┏━━

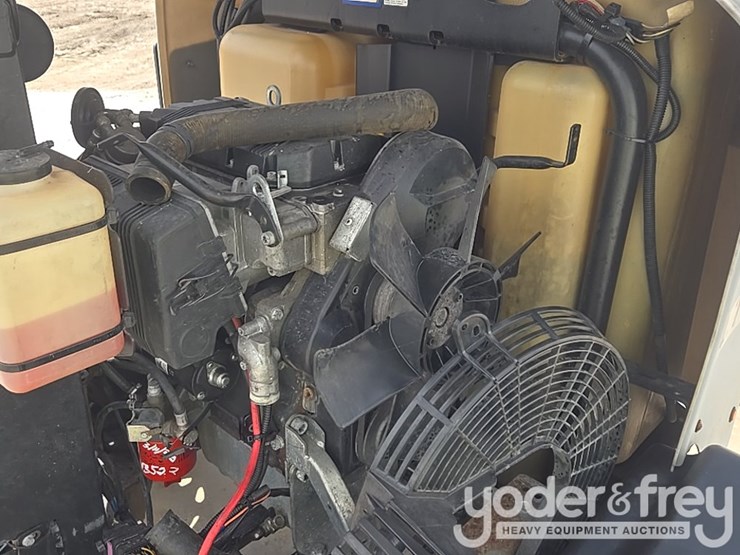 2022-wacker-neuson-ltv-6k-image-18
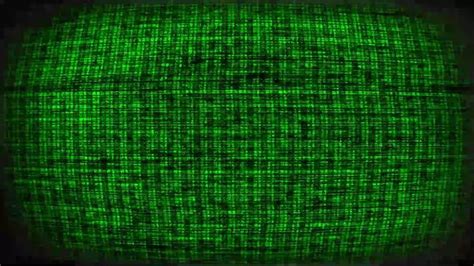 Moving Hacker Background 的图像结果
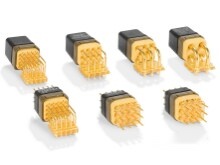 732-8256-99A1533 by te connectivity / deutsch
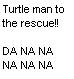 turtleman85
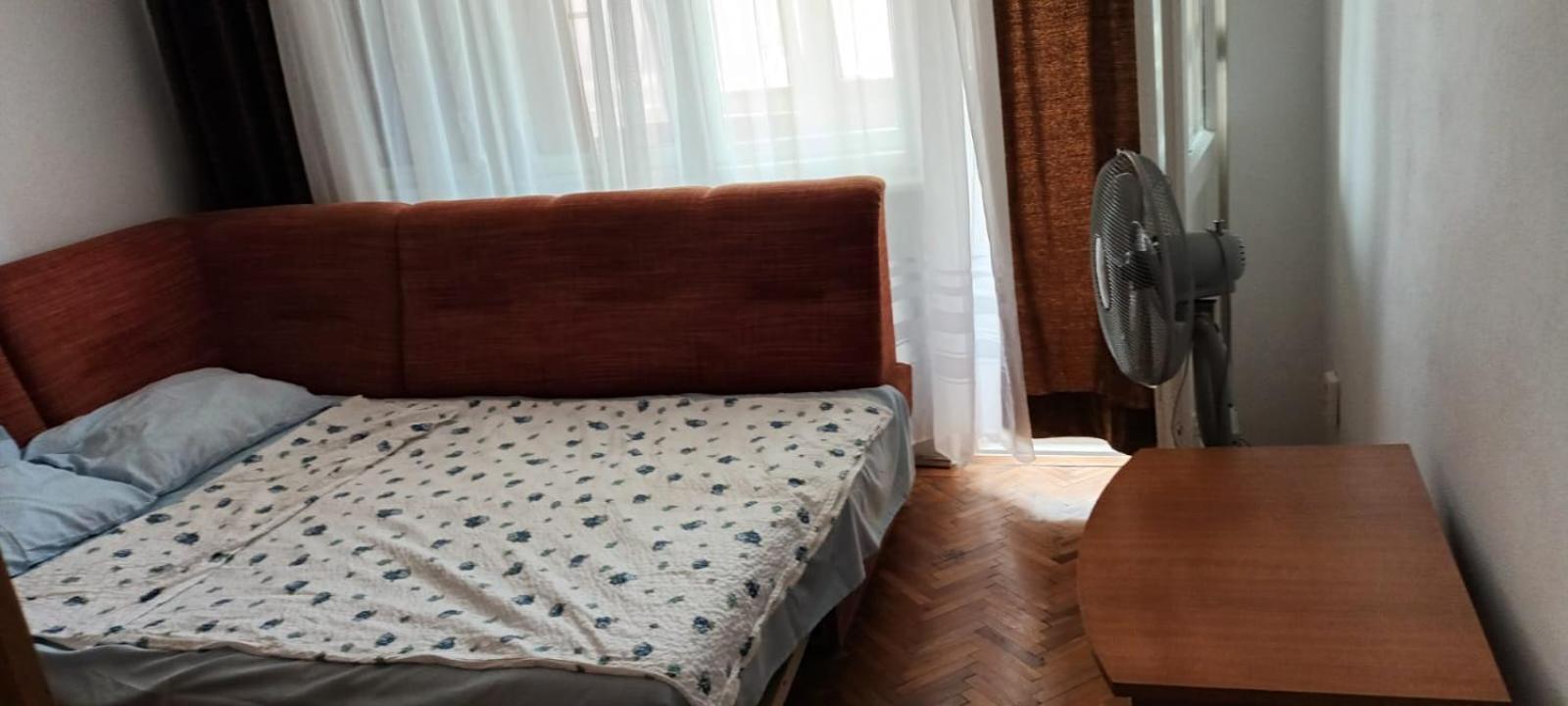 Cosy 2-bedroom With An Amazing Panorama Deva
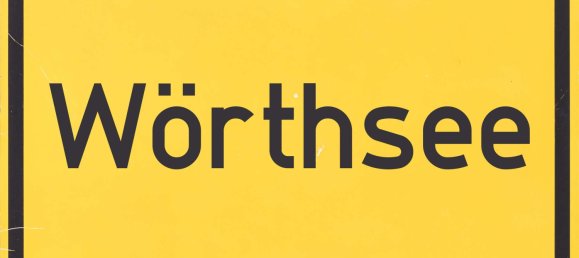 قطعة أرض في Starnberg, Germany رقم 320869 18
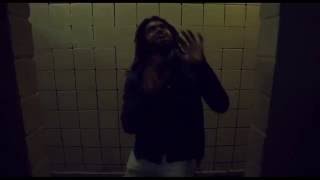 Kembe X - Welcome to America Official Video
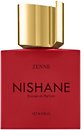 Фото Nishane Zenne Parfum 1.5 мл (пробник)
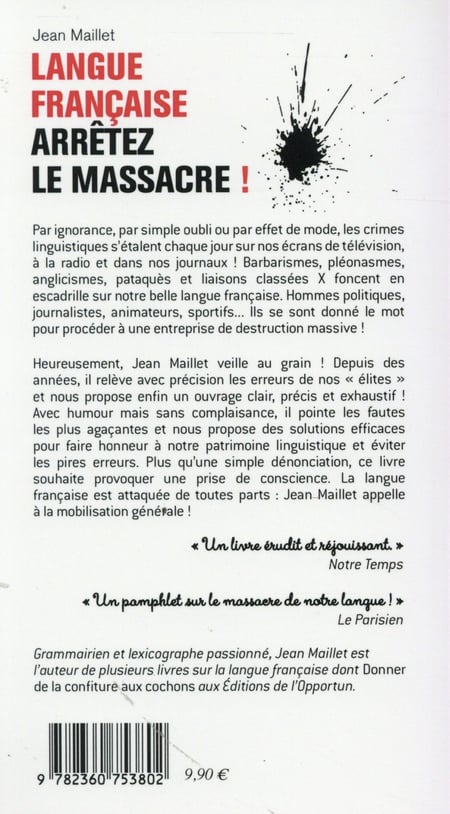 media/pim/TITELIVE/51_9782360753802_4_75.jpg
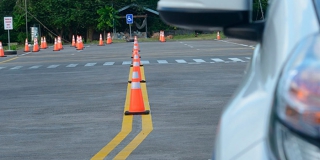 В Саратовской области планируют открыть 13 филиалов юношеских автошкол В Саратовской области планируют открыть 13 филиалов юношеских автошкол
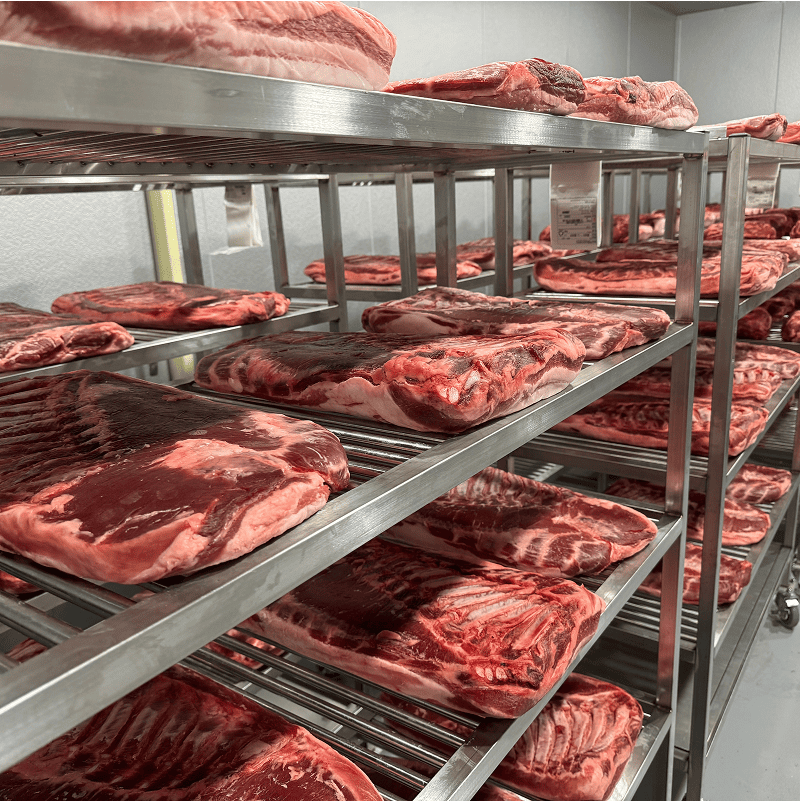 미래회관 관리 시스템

┗━━
┏━━

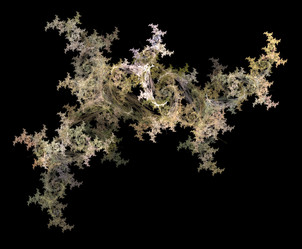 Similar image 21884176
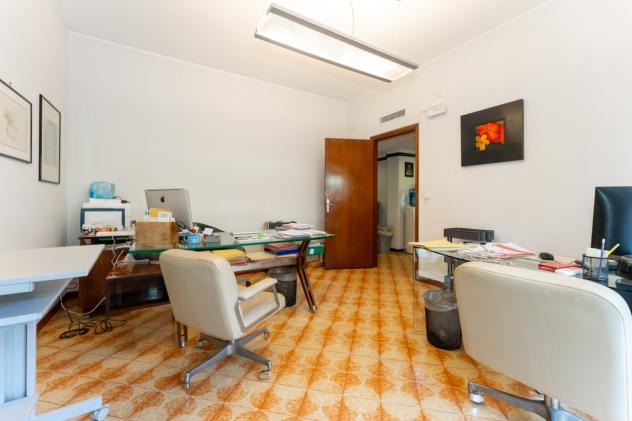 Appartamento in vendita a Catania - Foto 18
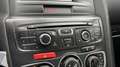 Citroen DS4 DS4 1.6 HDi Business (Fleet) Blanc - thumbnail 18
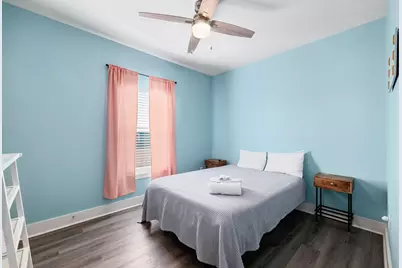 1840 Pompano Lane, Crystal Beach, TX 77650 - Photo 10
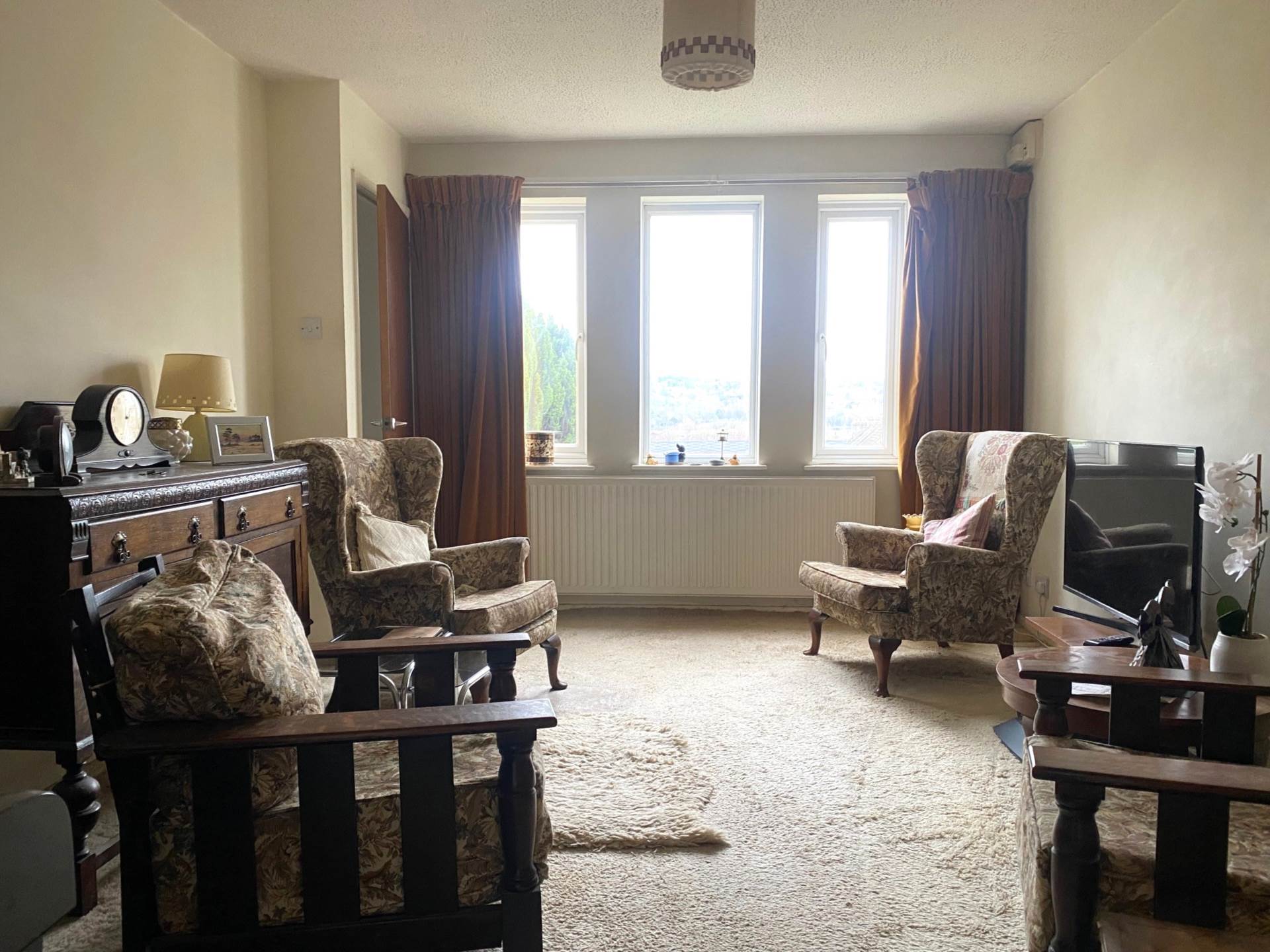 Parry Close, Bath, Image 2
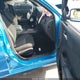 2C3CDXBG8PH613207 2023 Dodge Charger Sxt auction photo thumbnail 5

┗━━

#### [Directions for this task]
Above, find the line holding "Фото Nishane Zenne Parfum 1.5 мл (пробник)" and the line holding "미래회관 관리 시스템". Print exactly those two lines and every line between them, but no pictures.

#### [Expected output]
 Фото Nishane Zenne Parfum 1.5 мл (пробник)
 media/pim/TITELIVE/51_9782360753802_4_75.jpg
 В Саратовской области планируют открыть 13 филиалов юношеских автошкол В Саратовской области планируют открыть 13 филиалов юношеских автошкол
 미래회관 관리 시스템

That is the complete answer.